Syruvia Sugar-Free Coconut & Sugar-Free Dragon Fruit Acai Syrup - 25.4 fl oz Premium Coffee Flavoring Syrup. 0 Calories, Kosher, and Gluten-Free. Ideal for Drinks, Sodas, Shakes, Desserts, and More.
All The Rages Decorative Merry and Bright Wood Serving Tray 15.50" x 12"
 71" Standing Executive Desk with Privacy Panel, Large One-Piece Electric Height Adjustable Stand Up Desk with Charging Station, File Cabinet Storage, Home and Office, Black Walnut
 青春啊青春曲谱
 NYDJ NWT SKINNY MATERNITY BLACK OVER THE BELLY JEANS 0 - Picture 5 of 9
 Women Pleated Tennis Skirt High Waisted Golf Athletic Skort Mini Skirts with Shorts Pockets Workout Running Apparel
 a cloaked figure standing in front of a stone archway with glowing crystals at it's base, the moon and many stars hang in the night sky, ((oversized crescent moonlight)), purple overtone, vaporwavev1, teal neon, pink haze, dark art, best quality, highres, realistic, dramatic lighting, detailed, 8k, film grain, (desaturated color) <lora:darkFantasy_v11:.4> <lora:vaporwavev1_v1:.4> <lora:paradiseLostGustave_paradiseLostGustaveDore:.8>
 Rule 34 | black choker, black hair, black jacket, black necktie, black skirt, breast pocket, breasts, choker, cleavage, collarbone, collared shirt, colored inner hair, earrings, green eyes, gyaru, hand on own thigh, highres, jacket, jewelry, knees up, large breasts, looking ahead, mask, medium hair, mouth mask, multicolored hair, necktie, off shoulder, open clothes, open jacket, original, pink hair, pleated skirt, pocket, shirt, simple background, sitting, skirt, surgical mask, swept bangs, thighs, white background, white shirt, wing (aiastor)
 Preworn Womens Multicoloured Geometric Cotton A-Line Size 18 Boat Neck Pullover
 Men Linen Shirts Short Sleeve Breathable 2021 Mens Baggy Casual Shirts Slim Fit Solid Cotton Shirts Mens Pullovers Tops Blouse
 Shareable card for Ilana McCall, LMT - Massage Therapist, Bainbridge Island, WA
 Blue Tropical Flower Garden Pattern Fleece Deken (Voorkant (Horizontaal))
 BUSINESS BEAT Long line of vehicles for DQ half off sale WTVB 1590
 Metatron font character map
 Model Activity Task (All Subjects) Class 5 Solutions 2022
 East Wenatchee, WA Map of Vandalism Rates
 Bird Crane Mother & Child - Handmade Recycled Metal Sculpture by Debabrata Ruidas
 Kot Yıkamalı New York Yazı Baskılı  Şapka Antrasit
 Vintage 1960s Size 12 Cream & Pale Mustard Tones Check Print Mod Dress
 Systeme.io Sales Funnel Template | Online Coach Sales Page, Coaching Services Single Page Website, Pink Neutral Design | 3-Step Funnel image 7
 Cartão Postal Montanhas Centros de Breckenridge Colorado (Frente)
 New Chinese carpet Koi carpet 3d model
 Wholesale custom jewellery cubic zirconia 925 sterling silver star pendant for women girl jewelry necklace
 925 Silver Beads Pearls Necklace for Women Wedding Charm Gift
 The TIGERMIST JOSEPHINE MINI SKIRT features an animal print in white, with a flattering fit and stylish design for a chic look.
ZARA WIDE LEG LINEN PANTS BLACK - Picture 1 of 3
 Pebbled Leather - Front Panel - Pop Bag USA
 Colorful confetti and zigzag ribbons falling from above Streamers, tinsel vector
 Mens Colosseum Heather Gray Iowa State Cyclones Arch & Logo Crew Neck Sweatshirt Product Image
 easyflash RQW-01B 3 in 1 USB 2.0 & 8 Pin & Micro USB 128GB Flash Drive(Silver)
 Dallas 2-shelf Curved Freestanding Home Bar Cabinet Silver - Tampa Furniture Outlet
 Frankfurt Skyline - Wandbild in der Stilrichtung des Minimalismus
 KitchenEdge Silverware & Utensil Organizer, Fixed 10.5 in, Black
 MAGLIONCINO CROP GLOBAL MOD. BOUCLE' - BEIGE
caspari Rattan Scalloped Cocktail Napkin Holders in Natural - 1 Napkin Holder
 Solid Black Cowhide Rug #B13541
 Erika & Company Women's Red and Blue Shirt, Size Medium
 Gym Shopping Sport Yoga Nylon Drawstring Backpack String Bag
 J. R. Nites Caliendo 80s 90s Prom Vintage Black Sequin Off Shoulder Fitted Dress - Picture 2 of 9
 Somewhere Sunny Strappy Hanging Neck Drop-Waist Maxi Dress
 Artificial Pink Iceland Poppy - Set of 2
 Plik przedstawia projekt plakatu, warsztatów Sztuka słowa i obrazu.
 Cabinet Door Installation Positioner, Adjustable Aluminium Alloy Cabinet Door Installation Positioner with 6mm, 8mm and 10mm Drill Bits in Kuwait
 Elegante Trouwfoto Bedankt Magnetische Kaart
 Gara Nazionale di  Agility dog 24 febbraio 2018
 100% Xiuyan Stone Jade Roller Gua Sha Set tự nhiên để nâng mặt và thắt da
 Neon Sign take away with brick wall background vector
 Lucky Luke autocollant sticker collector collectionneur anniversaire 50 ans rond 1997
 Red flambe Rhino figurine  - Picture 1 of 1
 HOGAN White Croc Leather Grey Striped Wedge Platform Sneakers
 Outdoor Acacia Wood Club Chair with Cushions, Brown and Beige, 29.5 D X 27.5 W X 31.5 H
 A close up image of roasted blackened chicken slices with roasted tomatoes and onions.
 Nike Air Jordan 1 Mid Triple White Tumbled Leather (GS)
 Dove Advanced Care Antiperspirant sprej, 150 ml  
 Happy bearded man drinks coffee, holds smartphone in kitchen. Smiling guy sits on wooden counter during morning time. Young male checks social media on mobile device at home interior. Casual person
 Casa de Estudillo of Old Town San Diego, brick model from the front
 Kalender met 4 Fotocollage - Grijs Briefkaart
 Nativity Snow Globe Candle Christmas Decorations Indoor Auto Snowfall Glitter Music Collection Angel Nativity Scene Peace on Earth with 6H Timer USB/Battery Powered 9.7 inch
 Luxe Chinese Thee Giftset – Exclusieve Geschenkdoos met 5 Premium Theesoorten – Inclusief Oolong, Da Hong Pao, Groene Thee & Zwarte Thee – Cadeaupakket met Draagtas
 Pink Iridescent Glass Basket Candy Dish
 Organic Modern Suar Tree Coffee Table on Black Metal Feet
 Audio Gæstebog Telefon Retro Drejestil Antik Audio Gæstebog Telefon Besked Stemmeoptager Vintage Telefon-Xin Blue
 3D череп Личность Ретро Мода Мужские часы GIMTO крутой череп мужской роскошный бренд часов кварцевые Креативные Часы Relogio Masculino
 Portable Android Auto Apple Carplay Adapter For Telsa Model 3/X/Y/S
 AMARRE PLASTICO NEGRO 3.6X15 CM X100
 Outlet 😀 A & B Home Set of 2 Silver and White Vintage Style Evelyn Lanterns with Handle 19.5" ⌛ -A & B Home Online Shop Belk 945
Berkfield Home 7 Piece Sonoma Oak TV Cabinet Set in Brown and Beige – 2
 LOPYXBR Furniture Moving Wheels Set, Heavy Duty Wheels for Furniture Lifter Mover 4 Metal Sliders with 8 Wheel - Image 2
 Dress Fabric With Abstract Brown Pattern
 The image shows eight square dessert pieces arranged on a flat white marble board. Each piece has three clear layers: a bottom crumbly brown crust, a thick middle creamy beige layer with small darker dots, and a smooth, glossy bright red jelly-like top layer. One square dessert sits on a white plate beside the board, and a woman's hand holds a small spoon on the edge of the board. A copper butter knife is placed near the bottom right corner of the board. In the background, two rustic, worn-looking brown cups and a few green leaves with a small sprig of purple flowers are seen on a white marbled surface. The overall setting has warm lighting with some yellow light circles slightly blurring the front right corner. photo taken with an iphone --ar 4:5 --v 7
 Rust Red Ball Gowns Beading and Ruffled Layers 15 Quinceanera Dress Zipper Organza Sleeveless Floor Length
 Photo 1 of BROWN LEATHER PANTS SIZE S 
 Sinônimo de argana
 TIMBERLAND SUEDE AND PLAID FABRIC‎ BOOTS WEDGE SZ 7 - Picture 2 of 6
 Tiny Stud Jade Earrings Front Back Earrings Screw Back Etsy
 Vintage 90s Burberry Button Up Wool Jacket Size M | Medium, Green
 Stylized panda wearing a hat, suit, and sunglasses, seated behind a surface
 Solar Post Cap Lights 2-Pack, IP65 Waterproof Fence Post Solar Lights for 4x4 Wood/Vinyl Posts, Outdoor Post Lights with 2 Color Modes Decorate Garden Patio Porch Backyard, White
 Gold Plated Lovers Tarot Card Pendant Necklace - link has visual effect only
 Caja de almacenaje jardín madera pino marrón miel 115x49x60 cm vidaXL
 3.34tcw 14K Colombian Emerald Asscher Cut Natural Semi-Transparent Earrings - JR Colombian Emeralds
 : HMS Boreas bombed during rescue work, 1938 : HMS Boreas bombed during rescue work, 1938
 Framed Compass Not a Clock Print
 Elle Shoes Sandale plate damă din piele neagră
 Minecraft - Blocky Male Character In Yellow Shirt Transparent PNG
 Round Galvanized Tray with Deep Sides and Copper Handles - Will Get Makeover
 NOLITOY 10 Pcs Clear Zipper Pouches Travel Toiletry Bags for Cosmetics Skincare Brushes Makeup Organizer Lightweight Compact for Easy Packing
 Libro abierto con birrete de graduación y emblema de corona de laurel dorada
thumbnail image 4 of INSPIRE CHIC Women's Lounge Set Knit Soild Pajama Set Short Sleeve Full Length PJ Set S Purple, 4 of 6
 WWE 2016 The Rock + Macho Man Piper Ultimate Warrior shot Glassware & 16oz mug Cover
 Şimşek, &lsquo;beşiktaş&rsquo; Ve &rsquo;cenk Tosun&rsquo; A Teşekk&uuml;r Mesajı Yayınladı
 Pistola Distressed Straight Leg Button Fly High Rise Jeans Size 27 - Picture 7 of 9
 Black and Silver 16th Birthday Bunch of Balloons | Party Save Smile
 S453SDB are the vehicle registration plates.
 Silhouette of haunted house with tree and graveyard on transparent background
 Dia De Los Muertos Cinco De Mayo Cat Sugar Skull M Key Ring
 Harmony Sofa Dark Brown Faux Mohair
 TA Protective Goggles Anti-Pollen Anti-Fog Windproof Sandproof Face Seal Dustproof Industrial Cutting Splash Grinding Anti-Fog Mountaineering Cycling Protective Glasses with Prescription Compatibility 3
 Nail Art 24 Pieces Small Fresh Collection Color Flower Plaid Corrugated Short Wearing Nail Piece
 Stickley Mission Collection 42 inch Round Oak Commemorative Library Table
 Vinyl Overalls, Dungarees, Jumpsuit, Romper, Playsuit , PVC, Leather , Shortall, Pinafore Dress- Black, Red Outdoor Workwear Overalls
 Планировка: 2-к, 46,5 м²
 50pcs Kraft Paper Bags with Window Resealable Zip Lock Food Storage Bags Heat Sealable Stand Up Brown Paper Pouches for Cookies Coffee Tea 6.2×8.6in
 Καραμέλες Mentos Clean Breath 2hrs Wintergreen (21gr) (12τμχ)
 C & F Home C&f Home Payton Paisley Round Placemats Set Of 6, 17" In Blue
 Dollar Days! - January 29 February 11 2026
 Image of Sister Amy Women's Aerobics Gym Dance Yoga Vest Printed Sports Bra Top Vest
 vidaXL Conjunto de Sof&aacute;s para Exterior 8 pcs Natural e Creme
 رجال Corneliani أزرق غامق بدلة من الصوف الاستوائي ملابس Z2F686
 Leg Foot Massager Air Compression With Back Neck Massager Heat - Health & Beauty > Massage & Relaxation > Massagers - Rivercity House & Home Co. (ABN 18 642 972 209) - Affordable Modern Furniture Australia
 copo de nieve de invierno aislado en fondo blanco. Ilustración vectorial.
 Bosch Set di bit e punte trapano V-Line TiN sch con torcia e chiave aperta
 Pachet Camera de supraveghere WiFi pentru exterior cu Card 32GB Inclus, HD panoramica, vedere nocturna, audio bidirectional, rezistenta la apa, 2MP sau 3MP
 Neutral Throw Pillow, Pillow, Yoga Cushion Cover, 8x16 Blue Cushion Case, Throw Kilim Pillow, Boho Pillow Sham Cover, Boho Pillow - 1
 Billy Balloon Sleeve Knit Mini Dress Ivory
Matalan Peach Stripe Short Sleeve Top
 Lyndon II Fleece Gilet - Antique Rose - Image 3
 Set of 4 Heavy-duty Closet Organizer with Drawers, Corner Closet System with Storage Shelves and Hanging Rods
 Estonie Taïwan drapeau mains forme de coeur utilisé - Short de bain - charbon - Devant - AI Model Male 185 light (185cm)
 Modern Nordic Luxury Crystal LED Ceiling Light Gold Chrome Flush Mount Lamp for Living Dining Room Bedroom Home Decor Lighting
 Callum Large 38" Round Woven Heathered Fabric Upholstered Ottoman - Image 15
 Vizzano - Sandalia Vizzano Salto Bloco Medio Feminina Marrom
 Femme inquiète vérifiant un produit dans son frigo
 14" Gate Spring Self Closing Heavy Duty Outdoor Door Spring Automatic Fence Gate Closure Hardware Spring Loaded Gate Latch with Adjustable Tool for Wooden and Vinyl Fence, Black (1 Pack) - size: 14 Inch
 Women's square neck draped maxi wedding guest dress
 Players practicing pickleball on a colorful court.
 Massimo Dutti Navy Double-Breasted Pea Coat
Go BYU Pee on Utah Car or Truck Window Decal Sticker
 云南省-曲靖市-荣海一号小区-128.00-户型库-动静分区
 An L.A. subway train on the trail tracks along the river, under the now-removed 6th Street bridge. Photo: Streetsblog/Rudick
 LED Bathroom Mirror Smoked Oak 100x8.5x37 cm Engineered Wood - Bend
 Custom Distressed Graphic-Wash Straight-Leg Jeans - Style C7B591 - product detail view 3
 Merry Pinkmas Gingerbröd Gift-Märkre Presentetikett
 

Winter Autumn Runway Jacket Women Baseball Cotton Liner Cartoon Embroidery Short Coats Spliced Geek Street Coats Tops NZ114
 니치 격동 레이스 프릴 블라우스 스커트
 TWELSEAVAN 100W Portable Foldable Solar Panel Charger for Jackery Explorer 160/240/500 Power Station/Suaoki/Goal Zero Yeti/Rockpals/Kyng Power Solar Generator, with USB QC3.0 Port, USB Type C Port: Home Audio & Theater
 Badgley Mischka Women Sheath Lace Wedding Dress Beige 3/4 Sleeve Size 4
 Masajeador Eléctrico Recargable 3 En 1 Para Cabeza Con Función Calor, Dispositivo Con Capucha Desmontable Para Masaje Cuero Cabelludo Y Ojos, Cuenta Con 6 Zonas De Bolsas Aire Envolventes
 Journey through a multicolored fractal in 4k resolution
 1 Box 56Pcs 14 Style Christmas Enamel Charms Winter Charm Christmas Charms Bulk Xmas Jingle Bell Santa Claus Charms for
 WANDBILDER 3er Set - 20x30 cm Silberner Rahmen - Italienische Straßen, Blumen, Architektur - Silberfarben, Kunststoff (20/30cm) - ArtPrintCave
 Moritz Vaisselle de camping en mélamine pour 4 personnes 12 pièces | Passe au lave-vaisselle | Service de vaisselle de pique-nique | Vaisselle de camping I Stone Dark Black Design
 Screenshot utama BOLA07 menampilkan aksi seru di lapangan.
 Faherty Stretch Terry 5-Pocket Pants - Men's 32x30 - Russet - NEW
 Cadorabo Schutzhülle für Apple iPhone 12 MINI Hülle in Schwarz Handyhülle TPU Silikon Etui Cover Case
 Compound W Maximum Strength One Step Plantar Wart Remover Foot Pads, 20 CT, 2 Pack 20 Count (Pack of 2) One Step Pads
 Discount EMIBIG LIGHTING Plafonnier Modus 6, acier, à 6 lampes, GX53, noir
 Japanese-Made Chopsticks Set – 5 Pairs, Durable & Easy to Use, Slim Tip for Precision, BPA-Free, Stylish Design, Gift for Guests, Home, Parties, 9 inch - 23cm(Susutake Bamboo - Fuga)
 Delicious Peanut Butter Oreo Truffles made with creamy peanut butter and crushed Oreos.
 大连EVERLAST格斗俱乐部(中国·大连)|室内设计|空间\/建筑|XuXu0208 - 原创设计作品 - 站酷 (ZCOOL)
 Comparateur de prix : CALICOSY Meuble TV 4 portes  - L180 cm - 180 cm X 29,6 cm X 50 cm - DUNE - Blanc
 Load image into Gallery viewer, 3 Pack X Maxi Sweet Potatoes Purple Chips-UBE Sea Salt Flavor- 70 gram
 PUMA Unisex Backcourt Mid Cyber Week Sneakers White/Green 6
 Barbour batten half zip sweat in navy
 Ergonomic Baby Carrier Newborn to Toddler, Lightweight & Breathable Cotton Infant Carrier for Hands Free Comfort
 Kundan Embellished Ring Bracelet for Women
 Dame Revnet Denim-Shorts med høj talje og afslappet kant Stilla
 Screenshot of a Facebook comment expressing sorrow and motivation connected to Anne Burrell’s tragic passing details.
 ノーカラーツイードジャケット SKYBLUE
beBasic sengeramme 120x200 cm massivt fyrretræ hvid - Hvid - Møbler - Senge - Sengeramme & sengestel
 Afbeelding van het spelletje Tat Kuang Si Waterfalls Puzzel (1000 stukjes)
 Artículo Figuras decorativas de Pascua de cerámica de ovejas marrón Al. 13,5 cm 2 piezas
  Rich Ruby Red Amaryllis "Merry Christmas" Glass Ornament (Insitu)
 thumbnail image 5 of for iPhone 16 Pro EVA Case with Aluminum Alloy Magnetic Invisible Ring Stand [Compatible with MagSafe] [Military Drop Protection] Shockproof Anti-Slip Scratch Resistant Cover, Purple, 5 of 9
----------
> To do
Could you set down, word for word, only the lines above from the line with "Vizzano - Sandalia" to the line with "Femme inquiète vérifiant", including both?

> Completed task
 Vizzano - Sandalia Vizzano Salto Bloco Medio Feminina Marrom
 Femme inquiète vérifiant un produit dans son frigo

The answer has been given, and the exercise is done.